The first time I sent my novel to a publisher they told me it was really good. In the next paragraph they told me that if I changed writing name to D. White or David White I could get more of a readership. At that moment I thought, “I’m going to have a son one day and I want to take his little hand and take him to Barnes and Noble or sit him on my lap while we’re online. I want to show him the books his father wrote and I don’t want to have to explain to him why my name isn’t on those books.” Our little black boys and girls are different from how we were but different styles, different lingo, it shouldn’t take away from how amazing they are. If only we nurture them and stop trying to teach them to fall in line.
You can be whoever you want to be. No matter your size, height, color, hair style or financial upbringing. You can get into the college you want to get into no matter your name, no matter your hairstyle, you just have to want to work for it. There are going to be people that look like you and people that look like complete strangers that will tell you otherwise. Don’t listen to them. Let your creativity flourish and let it mold you to be everything I believe you can be.
I thought I was a bright child. I never got in trouble, made great grades. When I was in the 9th grade I remember staying up late watching a Chris Rock stand up special. I’ll never forget what he said in a joke, “If you have a name where people have to double take to ask you how to pronounce it, you’re ghetto. If you call your grandma mama, you’re ghetto. If you can’t call your daddy on the phone because you don’t know his number, you’re ghetto.” I remembered laughing and then I remembered I fell into all three of those categories. I didn’t feel ghetto, I didn’t feel like I didn’t belong but in that moment I felt sad that I didn’t have a regular name. That I didn’t go on summer vacations with my mom and dad.

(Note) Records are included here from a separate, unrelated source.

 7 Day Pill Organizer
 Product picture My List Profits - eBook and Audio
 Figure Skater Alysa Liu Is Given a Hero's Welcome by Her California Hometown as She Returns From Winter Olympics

My name is Demez, I’m the product of an 18 year old mother, no father. I was raised by my grandparents and went to one of the worst high schools in the State of Texas. I failed out of college my first year and almost failed out of Community College. I allowed people to call me D when I first started working because I thought Demez was ghetto. I didn’t have a bank account until I was 21 and my credit was in ruins by the time I was 24. I didn’t remotely get my life together or start being proud of where I came from or who I am until I was almost 30. I tell you this because if I can’t make the mistakes I made and come from where I came from at this age. Then I know you can at 15, 16, 18. Don’t ever let anyone tell you that your name or hairstyle or origins make you less than. Don’t ever believe that you’ve messed up so much, that you can’t come back from that. I promise you; you can.